Fred Nelson

Personal information
- Full name: Fred Nelson
- Born: 15 February 1934 Mascot, New South Wales, Australia
- Died: 11 June 2018 (aged 83)

Playing information
- Position: Second-row
Club
| Years | Team | Pld | T | G | FG | P |
| 1956–61 | South Sydney | 82 | 9 | 0 | 0 | 27 |
| 1962 | Manly-Warringah | 14 | 3 | 0 | 0 | 9 |
|  | Total | 96 | 12 | 0 | 0 | 36 |
Representative
| Years | Team | Pld | T | G | FG | P |
| 1959 | New South Wales | 1 | 0 | 0 | 0 | 0 |
- Source:

= Fred Nelson =

Australian rugby league footballer and coach (1934–2018)

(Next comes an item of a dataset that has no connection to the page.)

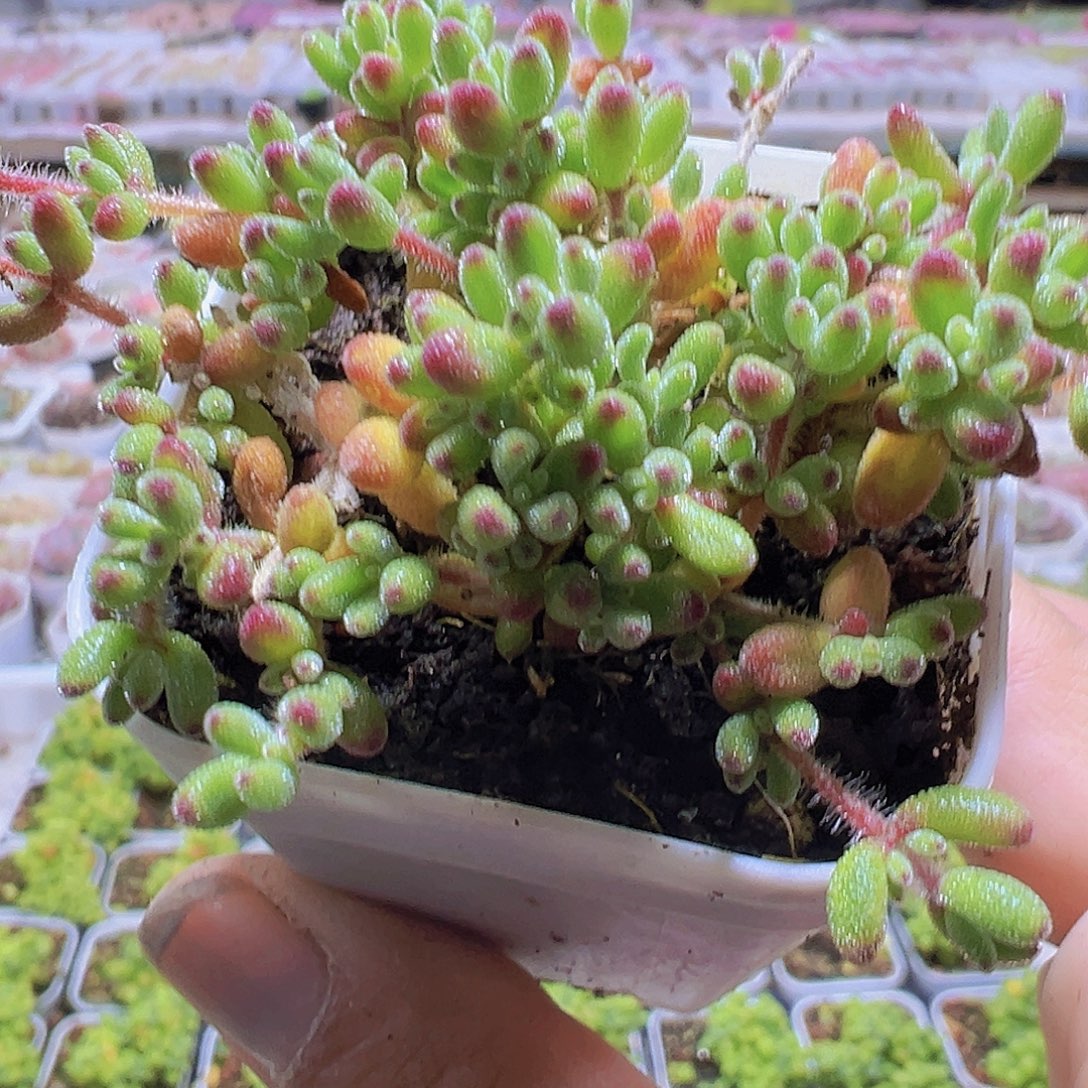 红宝石枝干19包邮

Fred Nelson was an Australian professional rugby league footballer who played in the 1950s and 1960s. He played for South Sydney and Manly-Warringah in the NSWRL competition.

==Early life==
Nelson was born in Mascot, Sydney and played his junior rugby league with Mascot before signing with South Sydney in 1954. Nelson won the Presidents Cup premiership with Souths that same year.

==Playing career==
Nelson made his first grade debut for Souths in 1956. Nelson's time at South Sydney was at a difficult period in the club's history. After winning 5 premierships throughout the decade, Souths went through a period of finishing near the bottom of the table after most of their star players such as Clive Churchill had retired and moved on. In total, Nelson played over 100 games for the club including reserve grade and third grade. While playing for South Sydney, Nelson represented New South Wales making one appearance. In 1962, Nelson joined Manly-Warringah playing one season for the club before retiring.

In 1959 Nelson won the Sydney Morning Herald Award for Best and Fairest Player of the Year.

==Coaching career==
In 1967, Nelson coached the Arncliffe Scots who played in the local St George competition. Nelson then went on to coach the South Sydney reserve grade side and won a premiership with them in 1968.